Arrasó Bukele en las elecciones presidenciales en El Salvador. No hay sorpresas, su popularidad es avasalladora. En una conversación reciente, califiqué a Bukele como enviado del futuro, sí, de un futuro sin democracia. Él sería la avanzada del nuevo derrotero de América Latina. Sin ocuparse de los medios y enfocado en los fines, el Presidente del país centroamericano vecino podría representar el punto de quiebre de nuestras frágiles y deficitarias democracias. Tal vez ya deberíamos entender que las democracias morirán por la seguridad.
¿Exagero? No lo creo, pero en todo caso me han dicho que exagero toda mi carrera profesional.
Dije en los 90 del siglo pasado que si no reconstruíamos las instituciones policiales no habría seguridad; exageras, me decían.
Dije en la primera década de este siglo que ninguna mejora policial sería duradera sin nuevos sistemas de control interno y externo; no es para tanto, repitieron; dije también desde entonces que la policía y el poder político se habían trenzado en un pacto original de intercambio de lealtad a cambio de impunidad y que sin desmontar ese pacto jamás tendríamos a la policía protegiendo a la gente, y lo mismo me decían.
Ya en la segunda década de este siglo me pregunté qué sería cuando comprobáramos que los militares tampoco traían la seguridad.
Por último, todo este sexenio federal he insistido que la ruta hegemónica no declarada es entregar el control total a la seguridad a las instituciones castrenses. Y aquí estamos, ya con más militares operativos desplegados en tareas de seguridad pública que policías. Son desproporcionadas tus hipótesis, aún hoy hay quien me insiste.

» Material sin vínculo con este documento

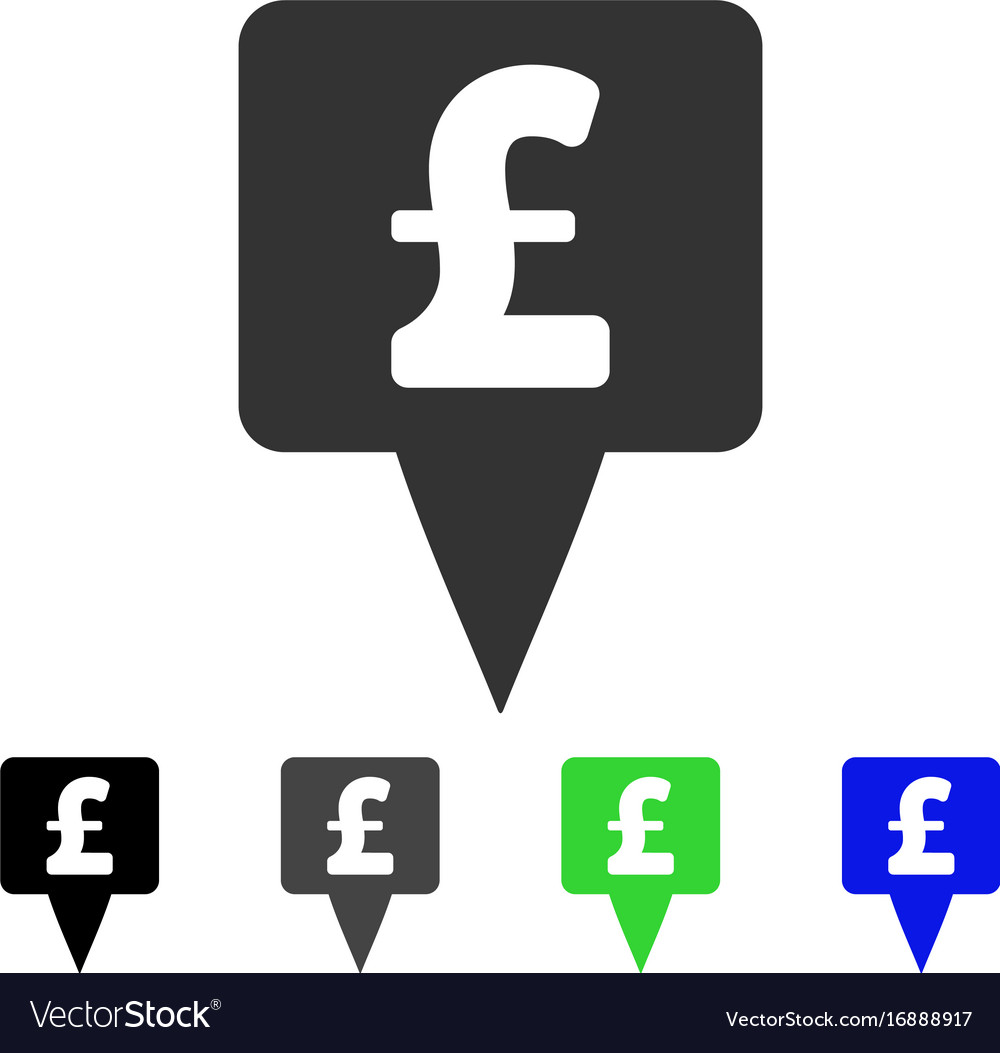 Pound map pointer flat icon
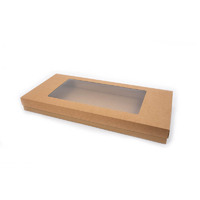 2 Pack LARGE BROWN GRAZING BOX WITH WINDOW 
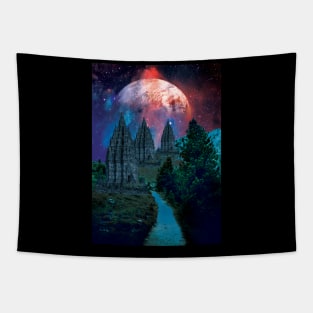 Temple Space Outer Galaxy Tapestry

Entre la capitulación civil en seguridad en México y la reelección de Bukele en El Salvador hay el menos un claro continuo: la inmensa mayoría de la sociedad acepta ceder el ejercicio de sus derechos a cambio de la seguridad.
La contradicción es terrible: las instituciones del Estado rotas son parte de la inseguridad y la sociedad acepta ampliar sus poderes. Los estados de excepción, bien vistos, formalizan en mucho la fractura de los controles institucionales rotos. La figura del arraigo llevada en México a la Constitución es un potente ejemplo de cómo la democracia se desmonta a sí misma, a nombre de la seguridad. Si las instituciones no pueden, no saben o no quieren profesionalizar sus competencias para investigar, entonces se bajan los estándares profesionales y se abren hipótesis jurídicas de intervención, aún si eso ancla figuras que violan el propio régimen constitucional de derechos. Todo a nombre de la seguridad, con la tracción social de soporte.
La contradicción se puede ver desde otro ángulo: la crisis de gobernabilidad asociada a las promesas incumplidas de gobierno tras gobierno, en lugar de apalancar el fortalecimiento de la rendición de cuentas, la viene debilitando aún más. Si las instituciones policiales y las fiscalías rotas son opacas y no rinden cuentas, le pasamos la tarea a las instituciones militares que están aún más lejos de cualquier posible escrutinio.
A nombre de la seguridad y también de la justicia, en lugar de ir a más controles democráticos, vamos a menos.
El estado de excepción declarado en el país vecino y los poderes de excepción de derecho y de facto que se vienen activando acá tienen el mismo motor: la descomposición crónica del Estado; es la sequía de instituciones civiles democráticas operando hacia una mayor sequía democrática (parafraseando a Wolf Grabendorff).
Si el futuro político para América Latina será modelado desde, por y para la popularidad, entonces ya ganó la seguridad que más apoyo merece, esto es, la que es intercambiable, por ejemplo, por la presunción de inocencia. Si es así, nuestras democracias ya están en desahucio y todavía no lo podemos asimilar. Una muerte en curso a cambio de la seguridad.
Nada me daría más gusto que estar exagerando.